Jakarta, Mahasiswa yang sering SMS-an selama kelas berlangsung cenderung
sulit untuk bisa memperhatikan perkuliahan dan berisiko memiliki hasil
belajar yang buruk karena otaknya bingung dipaksa multitasking.
Demikian menurut sebuah studi baru yang dipublikasikan di jurnal milik National Communication Association AS, Communication Education.
"Kami tahu dari penelitian sebelumnya bahwa mahasiswa yang sering SMS-an pun terbiasa melakukannya selama perkuliahan," kata pemimpin studi Fang-Yi Flora Wei, Ph.D., asisten profesor komunikasi penyiaran di University of Pittsburgh, Bradford.
"Sekarang kami melihat bahwa SMS-an di kelas juga mengganggu kemampuan mahasiswa untuk memperhatikan sesuatu, padahal menurut penelitian sebelumnya, hal itu diperlukan untuk pembelajaran kognitif yang efektif".
Dalam studi baru ini, para mahasiswa University of Pittsburgh-Bradford yang mendaftar dalam kelas-kelas tertentu telah menyelesaikan sebuah kuesioner anonim di akhir semester.
Kuesioner tersebut menanyakan tentang kelas yang dihadiri dan dibagikan sebelum kelas berlangsung. Di dalam kuesioner itu, mahasiswa pun melaporkan berapa banyak SMS yang dikirim atau diterima sepanjang kelas dalam rata-rata.
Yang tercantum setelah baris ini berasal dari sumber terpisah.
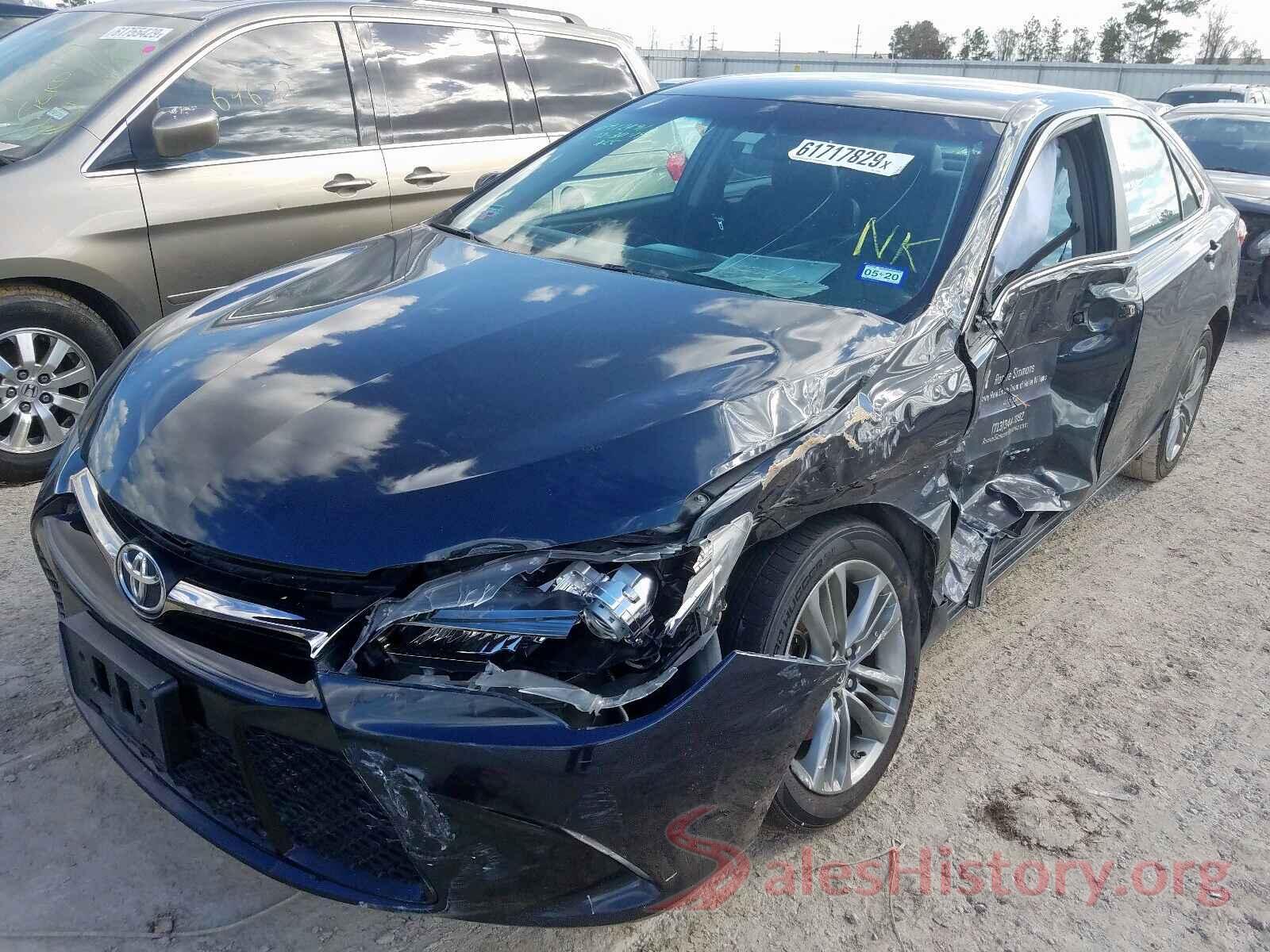 4T1BF1FK9GU215705 2016 TOYOTA CAMRY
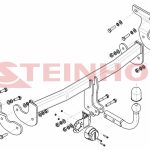 Kablys K-043 Kia Optima 4D 2016-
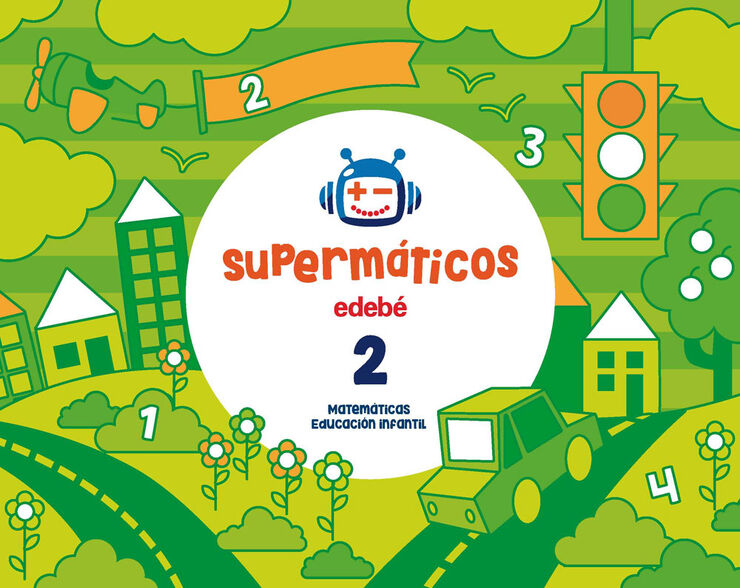 Matemticas 2 Infantil 3 aos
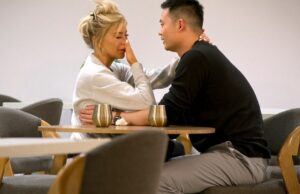 Empregador ‘Love Is Blind’ no período 9 de fantasmas, essa discussão LGBTQ+ e a separação bizarra de Patrick e Kacie Empregador 'Love Is Blind' no período 9 de fantasmas, essa discussão LGBTQ+ e a separação bizarra de Patrick e Kacie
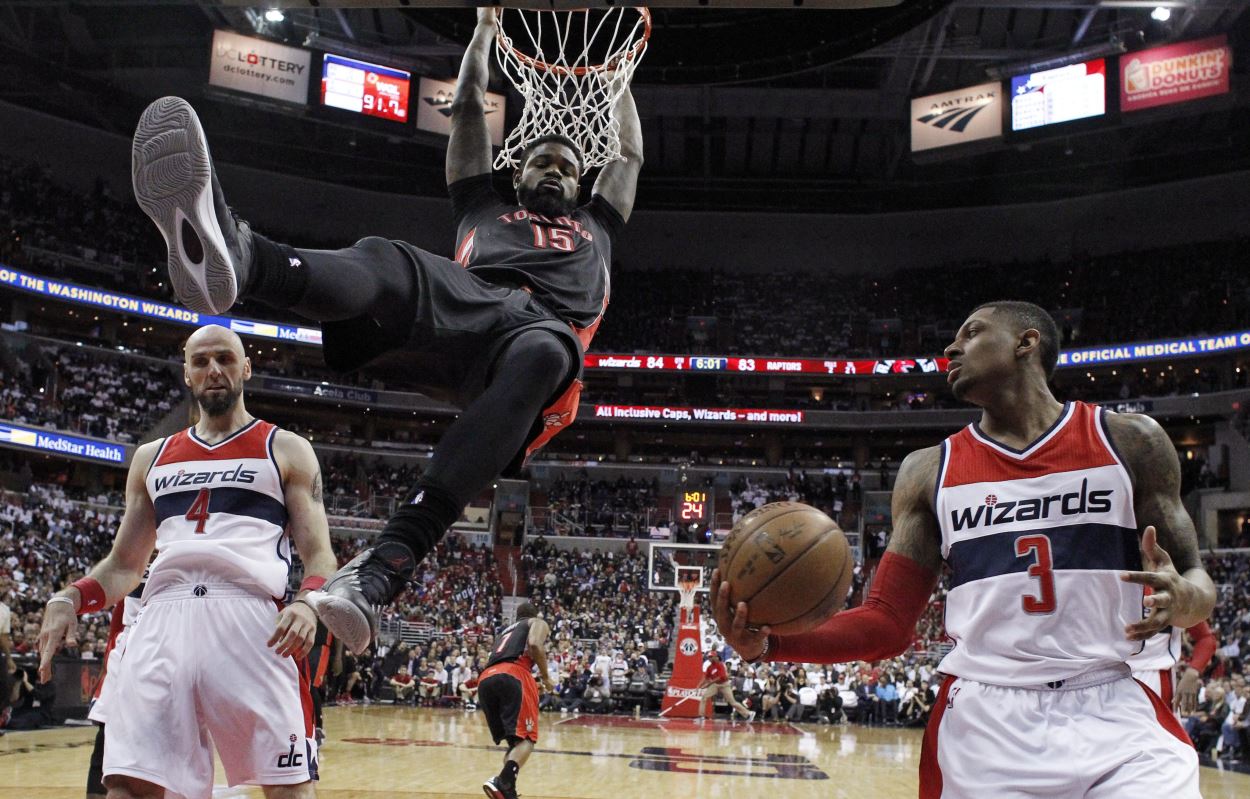 Stade Raptor Les Raptors avaient-ils assez de talent pour aller plus loin? | Radio ...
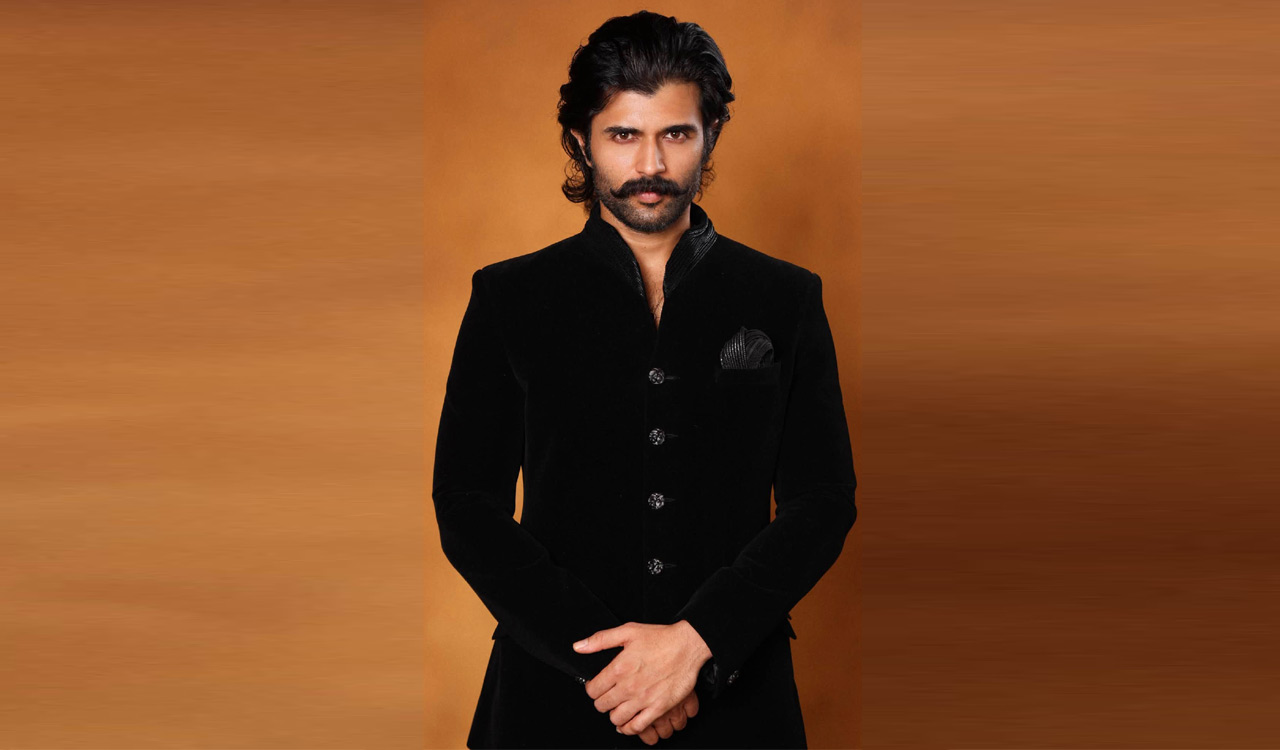 Vijay Deverakonda: ‘Sandeep Reddy Vanga will go to any extent for me’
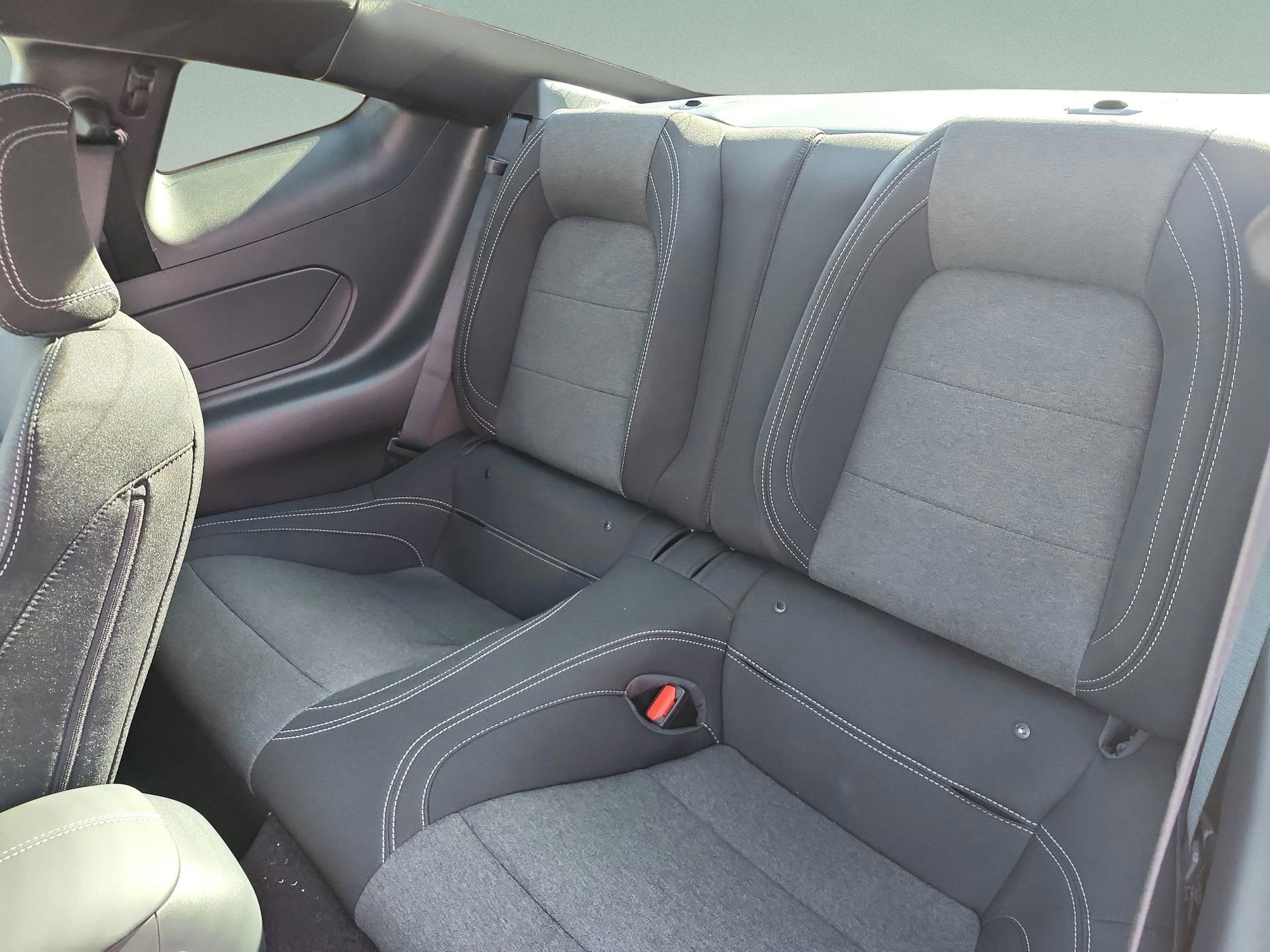 New 2026 Ford Mustang Coupe image 14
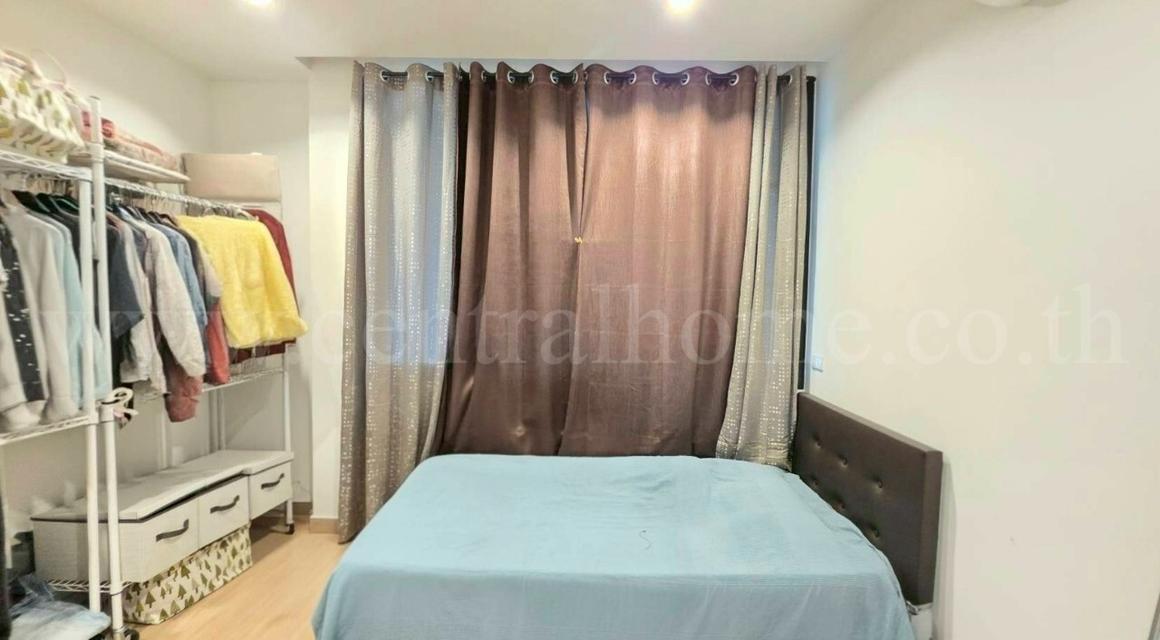 บ้านเดี่ยว บ้านปลาทอง ศรีนครินทร์ ใกล้ MRT สถานีศรีด่าน 15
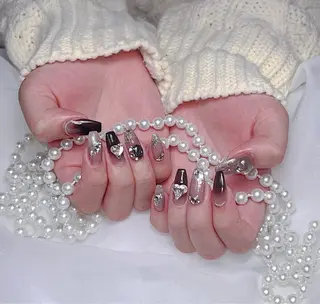 ネイル Yu na💖🎀のネイルデザイン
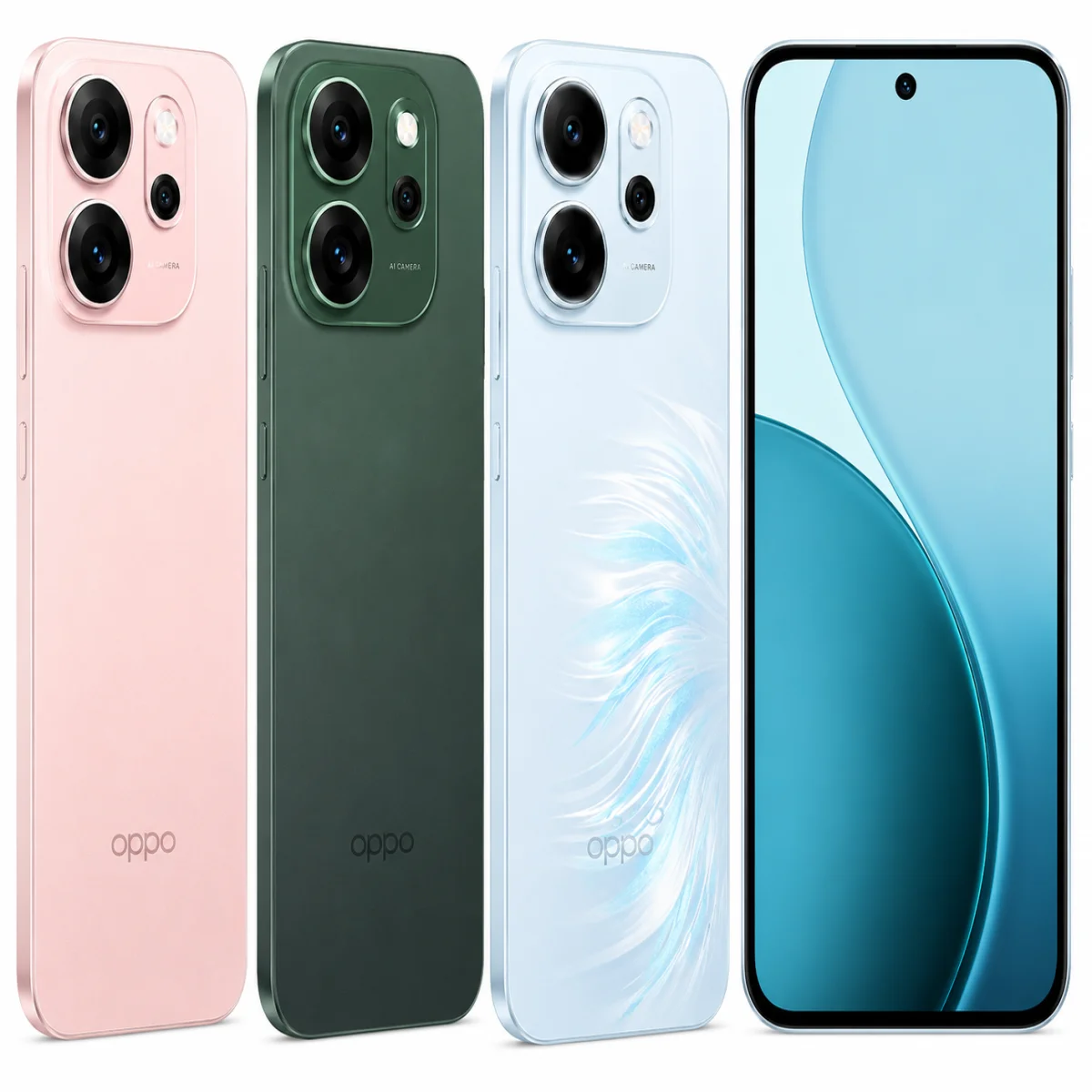 OPPO Reno14 FS 5G (16GB + 512GB) — صورة 5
Partisipan juga melakukan penilaian terhadap diri mereka sendiri terkait variabel pembelajaran yang spesifik berdasarkan kelas yang dihadiri.
Variabel-variabel itu diantaranya self-regulation, yang didefinisikan Wei sebagai 'kontrol diri dalam mengarahkan proses pembelajaran', atensi yang berkelanjutan dan hasil pembelajaran kognitif --penilaian oleh partisipan dan jumlahnya pun bisa dipelajari.
Karena sulit untuk mendemonstrasikan bahwa hanya SMS-an yang memiliki dampak langsung pada pembelajaran kognitif mahasiswa, Wei dan rekannya menggunakan path model analysis untuk menggambarkan hubungan antara SMS-an, sebagai sebuah variabel 'mediator' atau intervensi, dengan pembelajaran kognitif.
Diantara 190 kuesioner dari mahasiswa yang menghadiri kuliah dari dua kelas yaitu kelas berdurasi 50 dan 75 menit, rata-rata jumlah SMS yang diterima mahasiswa di kelas adalah 2,6 pesan, sedangkan SMS yang dikirim mahasiswa rata-rata 2,4 pesan. Peneliti menemukan tak ada perbedaan antara durasi kedua kelas dalam lingkup aktivitas SMS-an ataupun perhatian mahasiswa terhadap pembelajaran di kelas.
Peneliti juga menemukan hubungan positif langsung antara self-regulation dan perhatian berkelanjutan. Mahasiswa yang memiliki self-regulation tinggi menjadi lebih mungkin menjaga perhatian mereka agar terfokus pada pembelajaran di kelas.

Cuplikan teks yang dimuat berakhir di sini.